→ TASK TO COMPLETE
Only the lines from the one containing "Диски Playstation 5" through the end of the data below should be copied, each exactly as written and with both ends kept.

→ DATA SECTION
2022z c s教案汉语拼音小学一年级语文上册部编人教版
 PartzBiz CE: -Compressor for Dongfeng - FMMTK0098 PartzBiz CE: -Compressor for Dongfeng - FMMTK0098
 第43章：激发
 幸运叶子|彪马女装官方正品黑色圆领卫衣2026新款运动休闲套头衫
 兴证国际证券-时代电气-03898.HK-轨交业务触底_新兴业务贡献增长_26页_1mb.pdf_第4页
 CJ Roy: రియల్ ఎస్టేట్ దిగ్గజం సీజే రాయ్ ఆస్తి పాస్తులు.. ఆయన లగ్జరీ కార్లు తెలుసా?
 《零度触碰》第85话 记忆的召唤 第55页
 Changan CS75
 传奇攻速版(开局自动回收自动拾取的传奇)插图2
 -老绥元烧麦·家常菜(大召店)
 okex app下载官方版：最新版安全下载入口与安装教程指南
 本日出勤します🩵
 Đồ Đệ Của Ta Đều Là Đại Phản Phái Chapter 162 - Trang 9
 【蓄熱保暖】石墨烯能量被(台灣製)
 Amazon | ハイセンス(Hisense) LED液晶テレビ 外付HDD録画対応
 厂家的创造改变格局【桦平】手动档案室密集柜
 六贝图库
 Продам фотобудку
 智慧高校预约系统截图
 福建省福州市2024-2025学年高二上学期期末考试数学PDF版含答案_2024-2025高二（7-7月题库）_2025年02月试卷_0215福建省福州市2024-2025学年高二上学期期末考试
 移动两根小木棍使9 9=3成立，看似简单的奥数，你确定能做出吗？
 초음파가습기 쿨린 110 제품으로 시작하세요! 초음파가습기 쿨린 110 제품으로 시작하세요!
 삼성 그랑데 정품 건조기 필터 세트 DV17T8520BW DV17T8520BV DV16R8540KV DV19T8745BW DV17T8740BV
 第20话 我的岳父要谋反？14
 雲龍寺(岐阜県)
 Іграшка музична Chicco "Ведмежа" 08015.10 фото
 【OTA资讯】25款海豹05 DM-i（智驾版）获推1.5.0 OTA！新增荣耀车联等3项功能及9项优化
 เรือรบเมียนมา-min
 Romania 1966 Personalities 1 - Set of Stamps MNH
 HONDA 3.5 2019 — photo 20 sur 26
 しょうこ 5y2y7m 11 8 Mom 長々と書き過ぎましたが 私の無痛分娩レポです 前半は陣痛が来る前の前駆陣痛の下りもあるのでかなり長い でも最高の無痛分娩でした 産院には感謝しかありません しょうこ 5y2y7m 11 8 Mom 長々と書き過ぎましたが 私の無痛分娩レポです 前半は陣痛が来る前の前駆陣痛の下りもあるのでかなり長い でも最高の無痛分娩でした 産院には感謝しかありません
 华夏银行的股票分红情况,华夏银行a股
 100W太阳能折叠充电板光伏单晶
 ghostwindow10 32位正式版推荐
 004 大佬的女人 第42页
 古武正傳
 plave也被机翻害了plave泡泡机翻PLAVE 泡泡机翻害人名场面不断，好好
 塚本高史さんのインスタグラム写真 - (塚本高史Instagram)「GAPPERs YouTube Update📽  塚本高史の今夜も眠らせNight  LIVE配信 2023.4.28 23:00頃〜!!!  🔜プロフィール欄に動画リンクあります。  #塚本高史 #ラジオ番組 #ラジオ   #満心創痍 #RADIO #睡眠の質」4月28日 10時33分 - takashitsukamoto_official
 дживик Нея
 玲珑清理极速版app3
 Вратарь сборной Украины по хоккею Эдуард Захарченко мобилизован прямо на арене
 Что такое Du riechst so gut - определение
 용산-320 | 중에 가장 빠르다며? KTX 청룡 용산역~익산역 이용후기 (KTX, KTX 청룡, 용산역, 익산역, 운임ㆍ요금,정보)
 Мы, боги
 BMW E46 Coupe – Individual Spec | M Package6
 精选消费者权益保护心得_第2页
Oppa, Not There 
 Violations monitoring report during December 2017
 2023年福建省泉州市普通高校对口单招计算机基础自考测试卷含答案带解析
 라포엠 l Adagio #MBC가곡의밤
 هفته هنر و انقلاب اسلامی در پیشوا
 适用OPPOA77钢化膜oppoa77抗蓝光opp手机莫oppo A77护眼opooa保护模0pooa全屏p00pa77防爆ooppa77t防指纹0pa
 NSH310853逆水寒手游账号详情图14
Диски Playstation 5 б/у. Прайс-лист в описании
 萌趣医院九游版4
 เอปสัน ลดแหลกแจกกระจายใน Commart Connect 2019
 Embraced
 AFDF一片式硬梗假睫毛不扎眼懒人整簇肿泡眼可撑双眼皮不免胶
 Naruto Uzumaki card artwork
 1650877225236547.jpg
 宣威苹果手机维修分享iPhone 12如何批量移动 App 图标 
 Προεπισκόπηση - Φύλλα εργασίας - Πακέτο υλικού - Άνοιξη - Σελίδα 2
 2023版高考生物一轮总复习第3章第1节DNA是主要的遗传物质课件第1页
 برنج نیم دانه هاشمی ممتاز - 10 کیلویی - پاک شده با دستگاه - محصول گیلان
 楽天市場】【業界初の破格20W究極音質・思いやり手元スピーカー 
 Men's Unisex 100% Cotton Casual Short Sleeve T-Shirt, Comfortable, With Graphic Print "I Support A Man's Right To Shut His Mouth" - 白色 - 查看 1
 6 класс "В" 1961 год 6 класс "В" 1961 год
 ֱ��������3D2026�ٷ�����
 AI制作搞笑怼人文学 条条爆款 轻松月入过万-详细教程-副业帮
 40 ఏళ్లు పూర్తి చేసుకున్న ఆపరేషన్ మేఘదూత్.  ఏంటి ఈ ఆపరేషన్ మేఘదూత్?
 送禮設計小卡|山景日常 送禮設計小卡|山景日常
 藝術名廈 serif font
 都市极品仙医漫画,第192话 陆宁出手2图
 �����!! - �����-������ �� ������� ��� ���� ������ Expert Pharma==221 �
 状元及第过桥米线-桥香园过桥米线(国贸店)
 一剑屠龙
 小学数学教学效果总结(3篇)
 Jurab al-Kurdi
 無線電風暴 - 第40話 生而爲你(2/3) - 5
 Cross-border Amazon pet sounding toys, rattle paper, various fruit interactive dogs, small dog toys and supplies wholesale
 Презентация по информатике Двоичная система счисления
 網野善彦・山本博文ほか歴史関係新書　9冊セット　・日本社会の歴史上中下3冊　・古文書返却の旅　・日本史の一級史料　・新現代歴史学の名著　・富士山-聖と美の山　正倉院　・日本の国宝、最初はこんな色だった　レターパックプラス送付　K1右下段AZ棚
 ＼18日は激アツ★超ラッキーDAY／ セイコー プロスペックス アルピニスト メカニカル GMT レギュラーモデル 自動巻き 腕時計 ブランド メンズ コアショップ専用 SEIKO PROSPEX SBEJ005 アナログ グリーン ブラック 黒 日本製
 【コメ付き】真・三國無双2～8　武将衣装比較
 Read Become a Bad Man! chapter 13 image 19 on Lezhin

→ YOUR RESPONSE
Диски Playstation 5 б/у. Прайс-лист в описании
 萌趣医院九游版4
 เอปสัน ลดแหลกแจกกระจายใน Commart Connect 2019
 Embraced
 AFDF一片式硬梗假睫毛不扎眼懒人整簇肿泡眼可撑双眼皮不免胶
 Naruto Uzumaki card artwork
 1650877225236547.jpg
 宣威苹果手机维修分享iPhone 12如何批量移动 App 图标 
 Προεπισκόπηση - Φύλλα εργασίας - Πακέτο υλικού - Άνοιξη - Σελίδα 2
 2023版高考生物一轮总复习第3章第1节DNA是主要的遗传物质课件第1页
 برنج نیم دانه هاشمی ممتاز - 10 کیلویی - پاک شده با دستگاه - محصول گیلان
 楽天市場】【業界初の破格20W究極音質・思いやり手元スピーカー 
 Men's Unisex 100% Cotton Casual Short Sleeve T-Shirt, Comfortable, With Graphic Print "I Support A Man's Right To Shut His Mouth" - 白色 - 查看 1
 6 класс "В" 1961 год 6 класс "В" 1961 год
 ֱ��������3D2026�ٷ�����
 AI制作搞笑怼人文学 条条爆款 轻松月入过万-详细教程-副业帮
 40 ఏళ్లు పూర్తి చేసుకున్న ఆపరేషన్ మేఘదూత్.  ఏంటి ఈ ఆపరేషన్ మేఘదూత్?
 送禮設計小卡|山景日常 送禮設計小卡|山景日常
 藝術名廈 serif font
 都市极品仙医漫画,第192话 陆宁出手2图
 �����!! - �����-������ �� ������� ��� ���� ������ Expert Pharma==221 �
 状元及第过桥米线-桥香园过桥米线(国贸店)
 一剑屠龙
 小学数学教学效果总结(3篇)
 Jurab al-Kurdi
 無線電風暴 - 第40話 生而爲你(2/3) - 5
 Cross-border Amazon pet sounding toys, rattle paper, various fruit interactive dogs, small dog toys and supplies wholesale
 Презентация по информатике Двоичная система счисления
 網野善彦・山本博文ほか歴史関係新書　9冊セット　・日本社会の歴史上中下3冊　・古文書返却の旅　・日本史の一級史料　・新現代歴史学の名著　・富士山-聖と美の山　正倉院　・日本の国宝、最初はこんな色だった　レターパックプラス送付　K1右下段AZ棚
 ＼18日は激アツ★超ラッキーDAY／ セイコー プロスペックス アルピニスト メカニカル GMT レギュラーモデル 自動巻き 腕時計 ブランド メンズ コアショップ専用 SEIKO PROSPEX SBEJ005 アナログ グリーン ブラック 黒 日本製
 【コメ付き】真・三國無双2～8　武将衣装比較
 Read Become a Bad Man! chapter 13 image 19 on Lezhin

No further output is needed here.